The crypto lobbying group DeFi Education Fund has appealed to the administration of U.S. President Donald Trump. Its representatives requested that the administration put an end to what they called the “lawless prosecution” of open-source crypto platform developers.

Among them is Roman Storm, one of the creators of the crypto mixer Tornado Cash.

What will happen to the creator of the Tornado Cash mixer

In an April 28 letter to White House counsel on crypto and artificial intelligence David Sachs, the group urged Donald Trump to “take immediate action to end the Department of Justice’s campaign under Biden to criminalize open source software development.”
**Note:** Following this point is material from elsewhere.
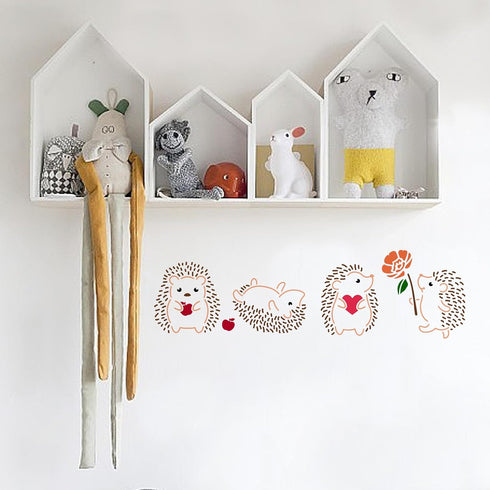 4 Styles Hedgehog Stencil 11.8×11.8inch Hedgehog Flower Drawing Painting Stencils Reusable Flower Heart Animal Stencil for DIY Furniture Wall Floo...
The letter mentions the case of Storm, who was accused in August 2023 of helping launder more than one billion dollars through Tornado Cash. His trial is scheduled for July, while another co-founder of the platform, Roman Semenov, is still wanted, allegedly hiding in Russia.

One of Tornado Cash's co-founders Roman Storm
One of Tornado Cash’s co-founders Roman Storm

DeFi Education Fund officials said that in Storm’s case, the Justice Department is trying to hold the developer accountable for how others use the code he created.

Not only is this absurd in nature, but it sets a precedent that threatens the entire cryptocurrency community in the United States.

The group also pointed out that this prosecution contradicts FinCEN guidance issued by the Treasury Department during President Trump’s first term.

It states that developers of autonomous p2p protocols are not considered money transfer operators.

In January, a federal court in Texas ruled that the Treasury Department exceeded its authority by imposing sanctions on Tornado Cash.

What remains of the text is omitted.